__Exercise goal__: Copying task for the records below: reproduce each one exactly and drop the pictures.

[Captioned web images]

——————

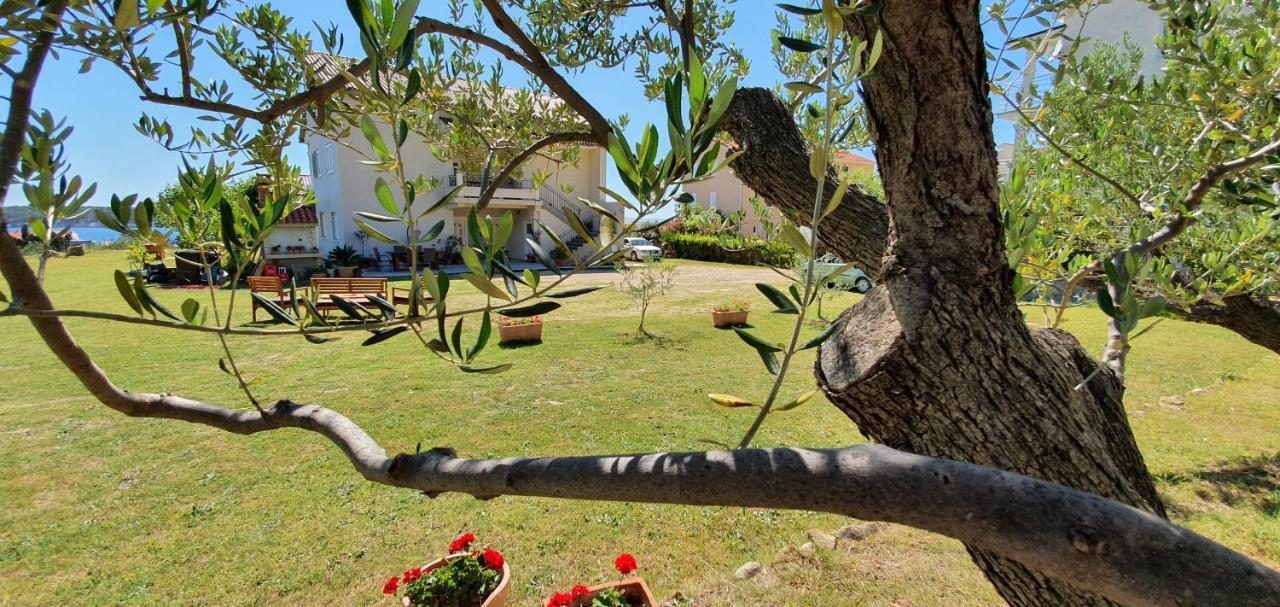 Apartments Manuel Banjol Εξωτερικό φωτογραφία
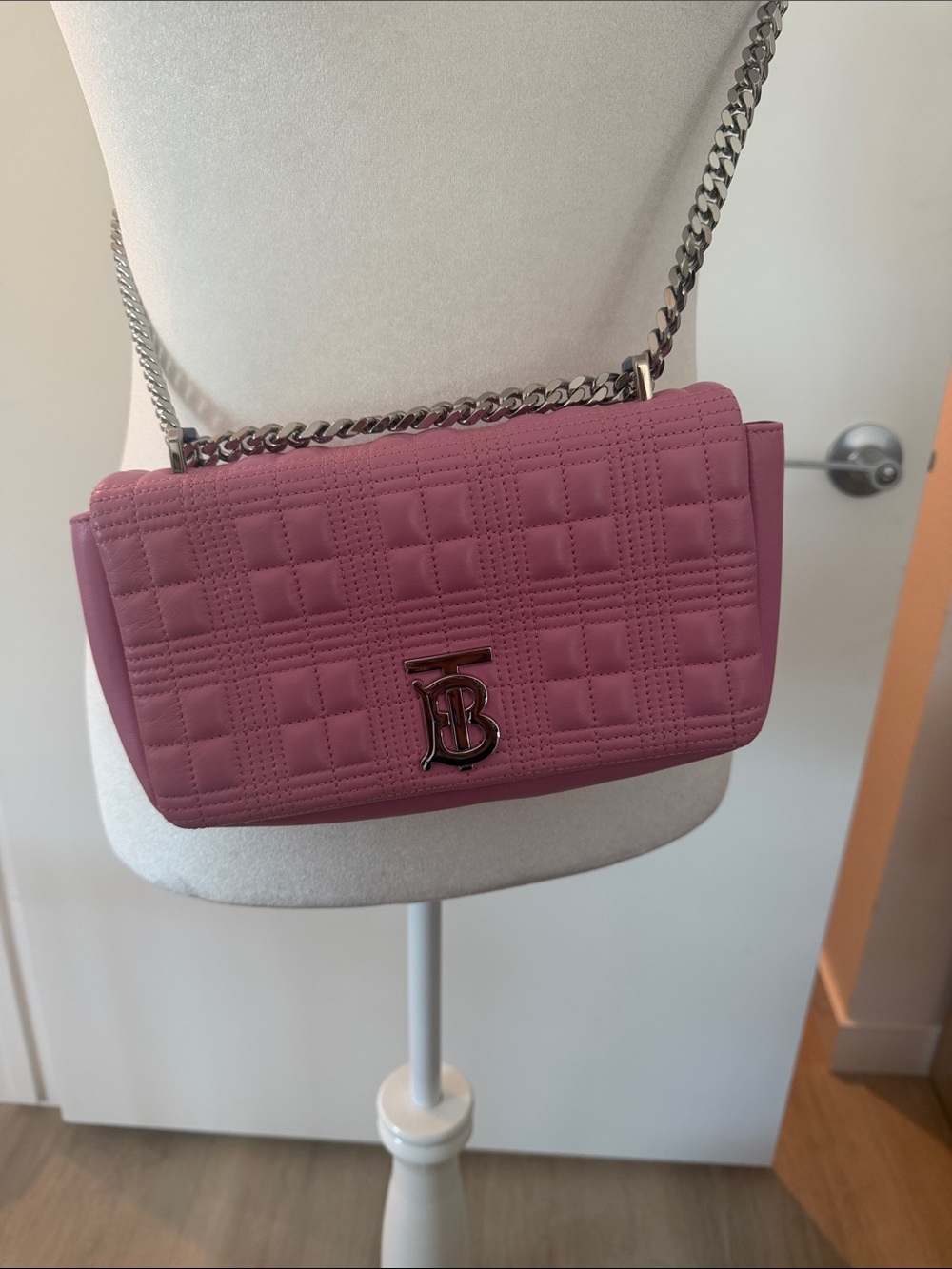 Preloved Burberry Small Lola bag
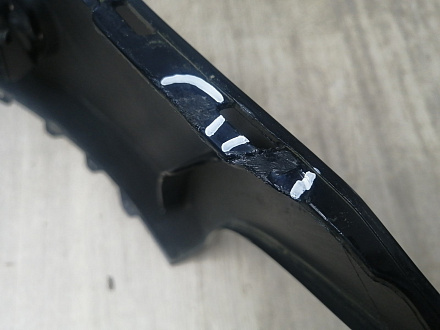 AA045978; Бампер передний; без паркт.; под омыват. (5K0807221) для Volkswagen Golf/БУ; Оригинал; Р1, Мелкий дефект; 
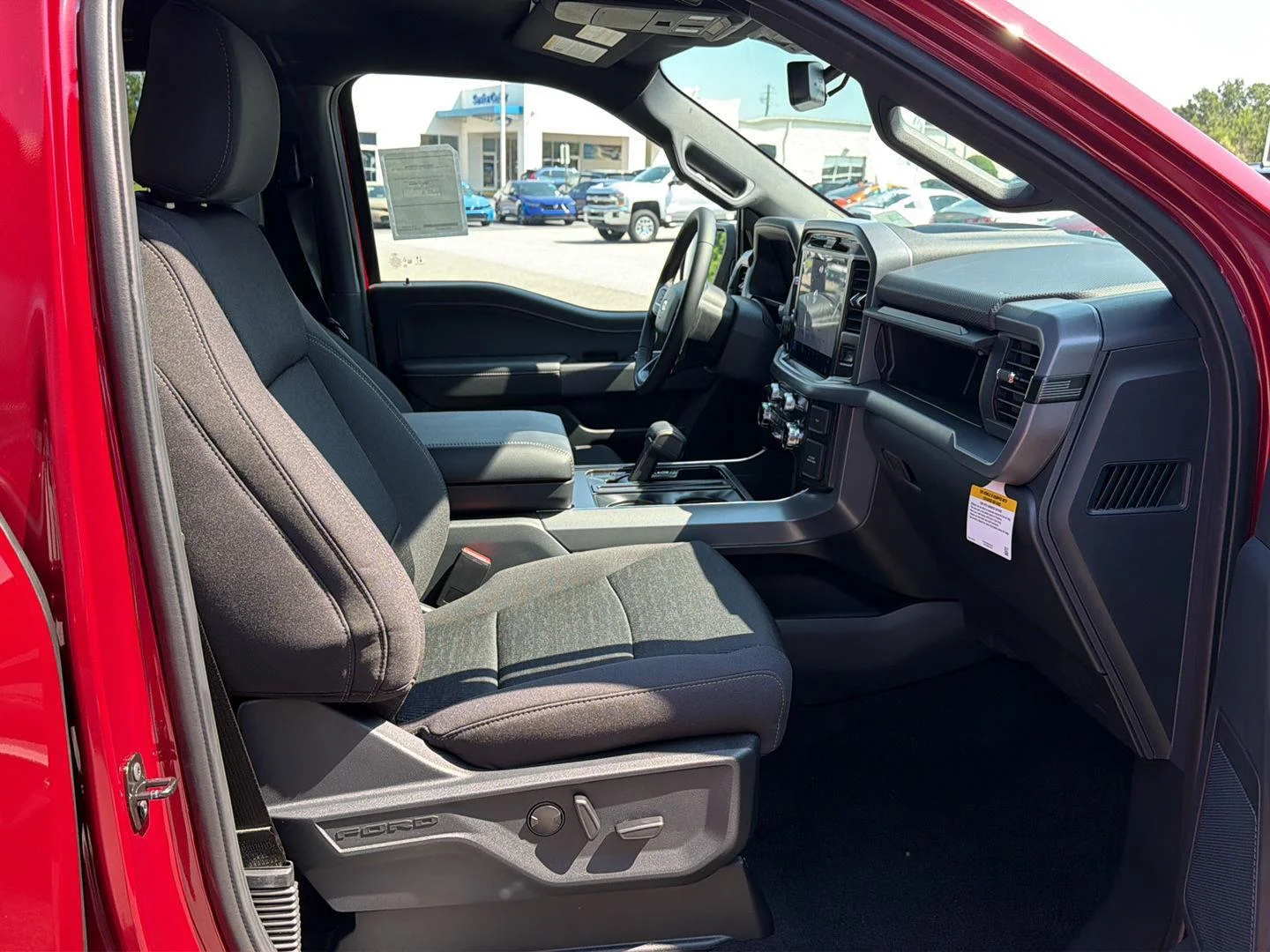 New 2026 Ruby Red Metallic Tinted Clearcoat Ford XLT image 19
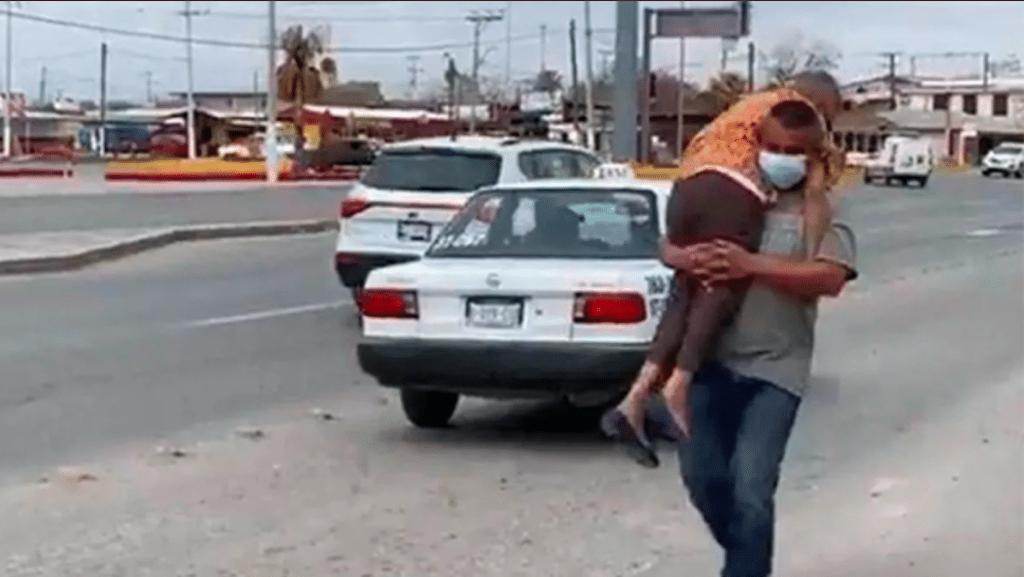 Lleva cargada a su madre para vacuna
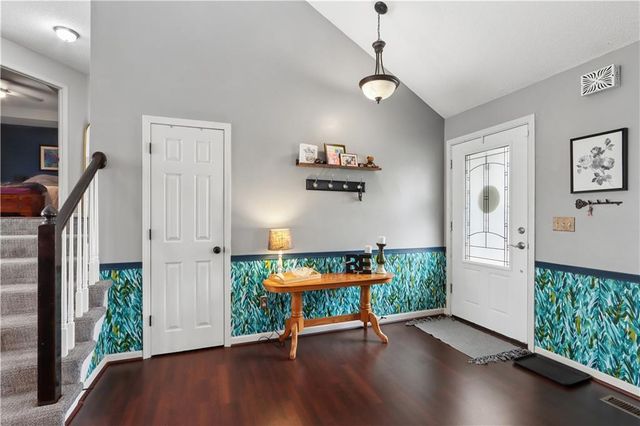 2518 SE Kimbrough Court, Lee's Summit, MO 64063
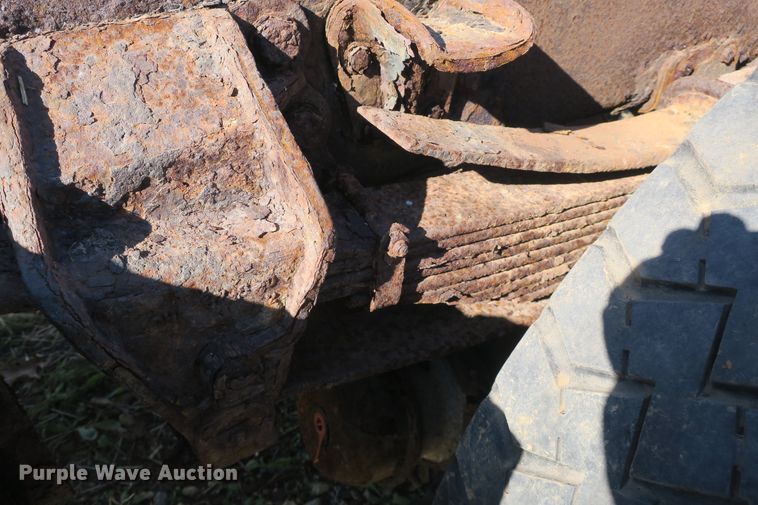 image for item DB10114 1996 Ford F800 truck cab and chassis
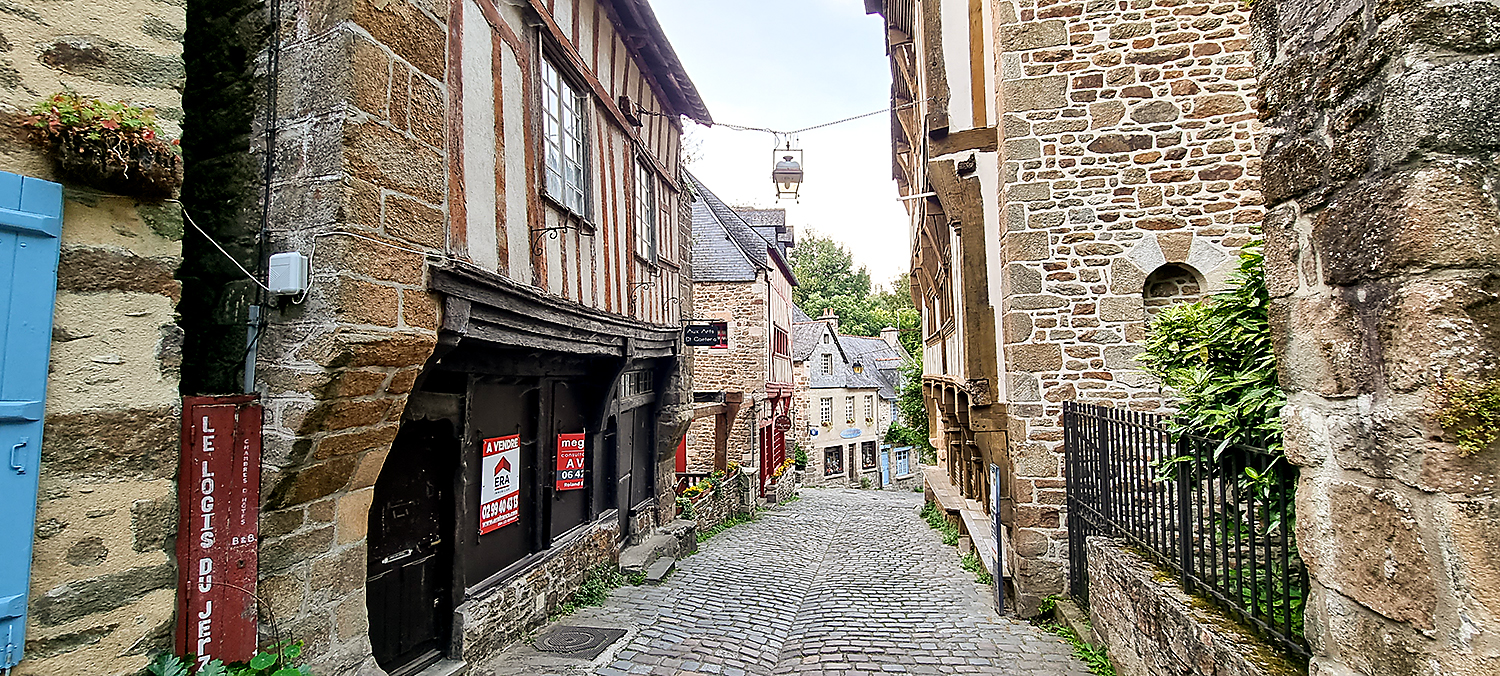 Dinan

——————

__Solution below__:
 Apartments Manuel Banjol Εξωτερικό φωτογραφία
 Preloved Burberry Small Lola bag
 AA045978; Бампер передний; без паркт.; под омыват. (5K0807221) для Volkswagen Golf/БУ; Оригинал; Р1, Мелкий дефект; 
 New 2026 Ruby Red Metallic Tinted Clearcoat Ford XLT image 19
 Lleva cargada a su madre para vacuna
 2518 SE Kimbrough Court, Lee's Summit, MO 64063
 image for item DB10114 1996 Ford F800 truck cab and chassis
 Dinan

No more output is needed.